Which brings us to Tim Hudson, who would have been a concern or gripe in this game if, say, Wilmer Flores were playing shortstop for the Giants. He was scoreless, which is good. He didn't have the customary command, which is bad. His sinker bugged a lot of hitters and led to a lot of double plays, which is good. Let's agree to give this game an incomplete, then. It was the best of first-half Hudson mixed with the worst of second-half Hudson, with nary a run mixed in. I'll take the result and be skeptical of the process.

★★★

Casey McGehee made a brutal error, hit into a ghastly double play, and couldn't come up with a diving stop in extra innings. Don't turn on him. Goodness, not yet. Just side-eye him for a bit. Don't let him spend too much time alone. See what he's up to. We were probably skeptical about Michael Morse at this time last year, too.

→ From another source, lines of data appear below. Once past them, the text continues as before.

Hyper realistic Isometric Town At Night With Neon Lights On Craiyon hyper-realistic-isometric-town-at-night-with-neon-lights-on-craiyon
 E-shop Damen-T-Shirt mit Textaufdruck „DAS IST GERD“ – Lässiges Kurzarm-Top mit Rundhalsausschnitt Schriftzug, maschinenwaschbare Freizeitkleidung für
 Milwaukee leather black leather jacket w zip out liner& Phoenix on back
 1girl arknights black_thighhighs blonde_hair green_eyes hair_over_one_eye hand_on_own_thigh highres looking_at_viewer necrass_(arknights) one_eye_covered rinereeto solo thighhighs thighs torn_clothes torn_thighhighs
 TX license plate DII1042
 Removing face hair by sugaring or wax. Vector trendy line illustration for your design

But we were also skeptical of Miguel Tejada. Just keep an eye on McGehee, that's all I'm saying. It wasn't the best baseball exhibition. The Giants won, though, so we can mostly ignore it. Remember that dinger for insurance runs, like, 22 hours ago? That was cool.

 

★★★

I was going to write that we're happy right now because of a blown call, in part, and that we should remember this the next time the Giants lose on a blown call.

Except Sergio Romo's slider to Wil Myers was perfect. From Brooks Baseball:

 

Good ol' #9. I don't have the video handy, but the lasers suggest it was a perfect pitch.

★★★

Here's the epitome of "It's funny if your guy does it."

Looked like a rock. Was probably gum:

Maybe it was unintentional. But Pagan called for time before the previous pitch and Norris might have chirped a little about the timing. Then you get that. Tempers ... well, they didn't flare. Tempers were put on DEFCON HEY BRO, and for the rest of the at-bat, you could feel the intensity. Then Pagan hit a triple off Craig Kimbrel that is easily the best triple of the year so far. Possibly the only triple of the year so far. It would have been so magnificent to see Pagan score.

As is, it was a footnote. Still, tell me Pagan wasn't trolling with that gum. It's funny when our guy does it. So damned funny.